Within the records below, find the line with "Camiseta verde cuello en V para mujer" and the line with "STABILO woody 3", then reproduce exactly those two lines and all lines between them, without any picture.

(Beginning of Data supplied)

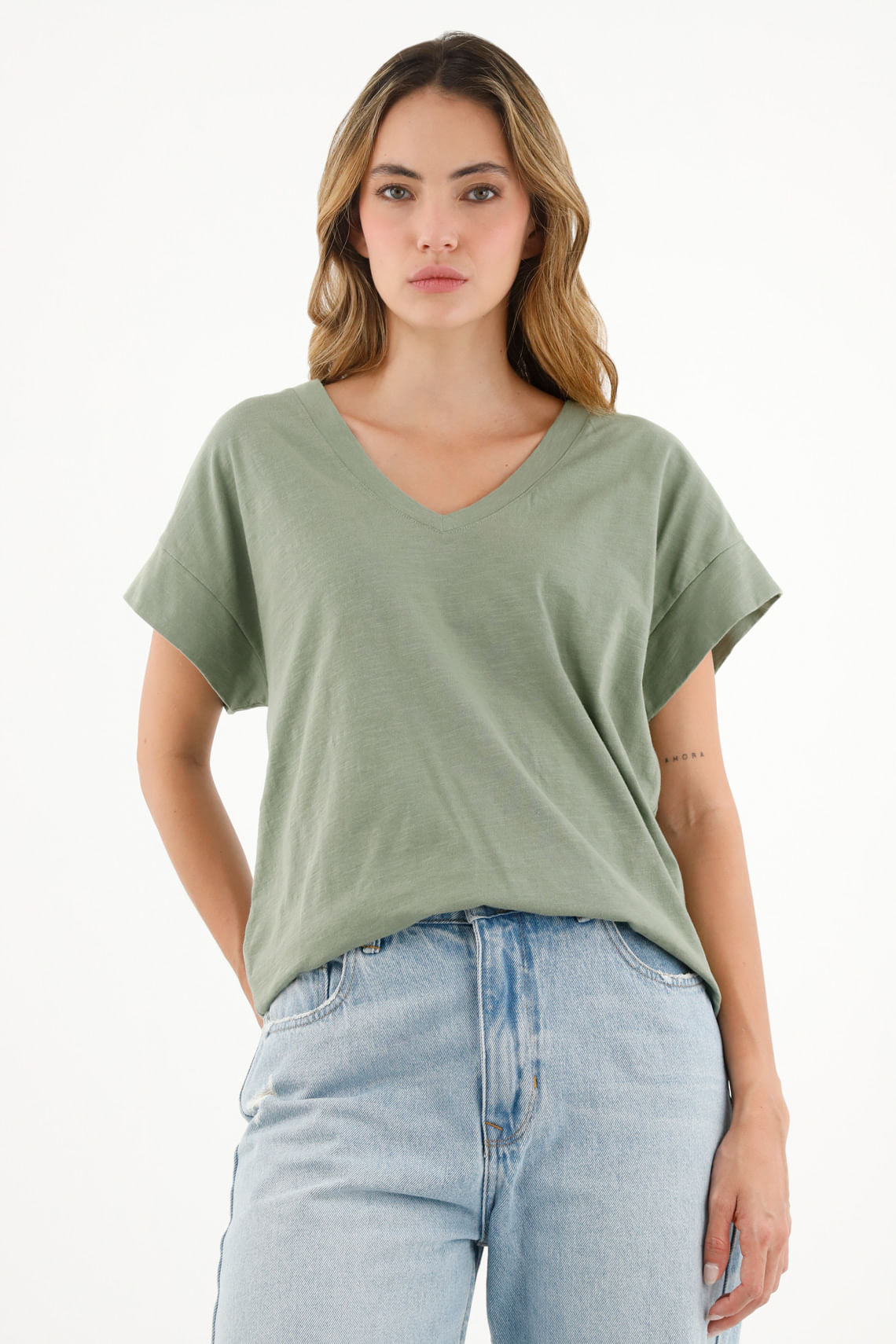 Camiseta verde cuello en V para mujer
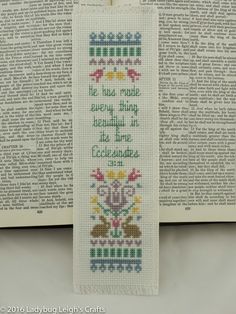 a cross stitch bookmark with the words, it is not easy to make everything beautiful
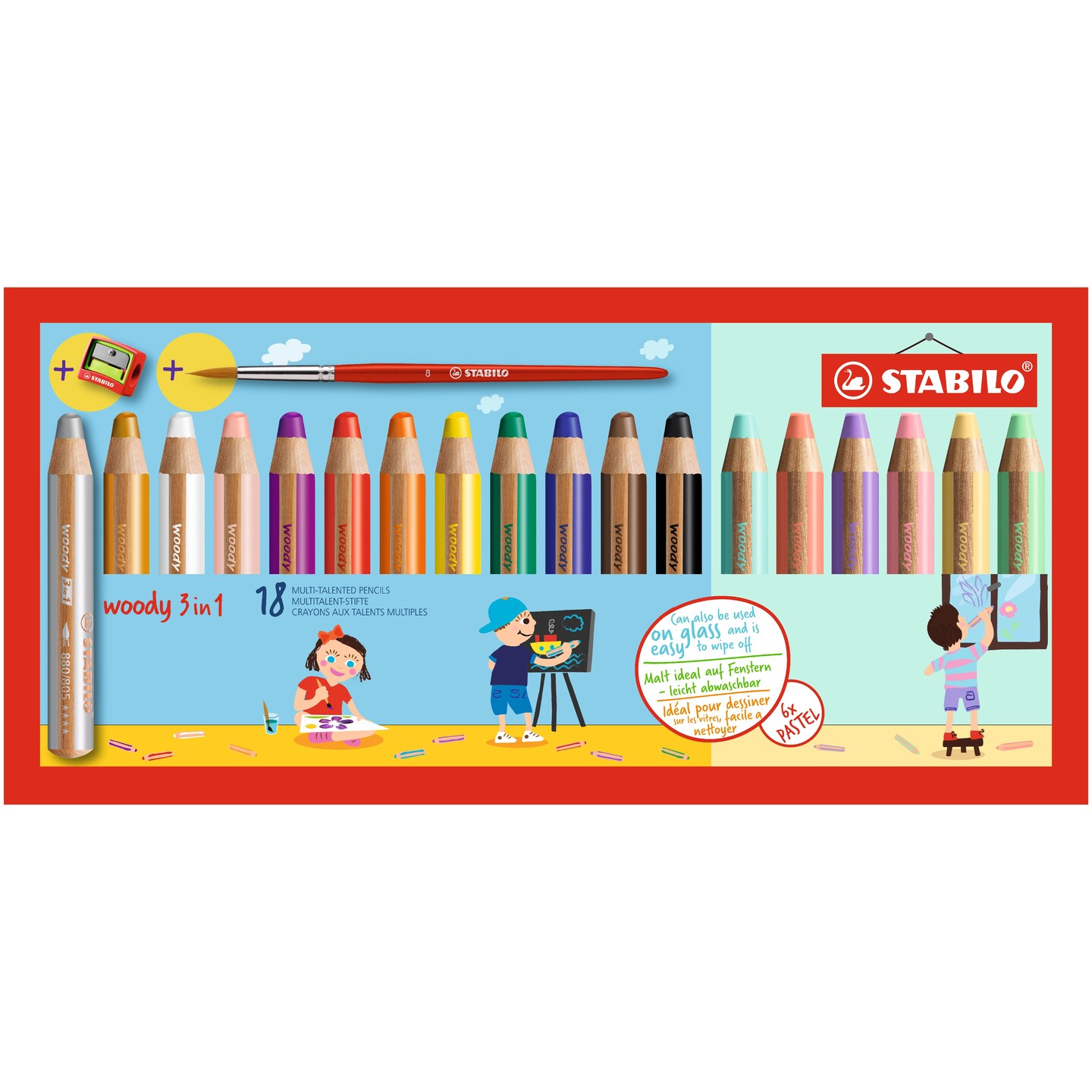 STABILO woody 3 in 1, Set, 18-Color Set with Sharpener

(End of Data supplied)
(Beginning of Data supplied)

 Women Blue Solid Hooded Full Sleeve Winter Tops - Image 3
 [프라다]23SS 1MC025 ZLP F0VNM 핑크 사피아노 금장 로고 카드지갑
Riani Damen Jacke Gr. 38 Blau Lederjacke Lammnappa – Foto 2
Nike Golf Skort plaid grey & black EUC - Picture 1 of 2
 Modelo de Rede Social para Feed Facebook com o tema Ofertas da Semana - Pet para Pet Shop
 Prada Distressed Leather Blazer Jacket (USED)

(End of Data supplied)

== Result for this task ==
 Camiseta verde cuello en V para mujer
 a cross stitch bookmark with the words, it is not easy to make everything beautiful
 STABILO woody 3 in 1, Set, 18-Color Set with Sharpener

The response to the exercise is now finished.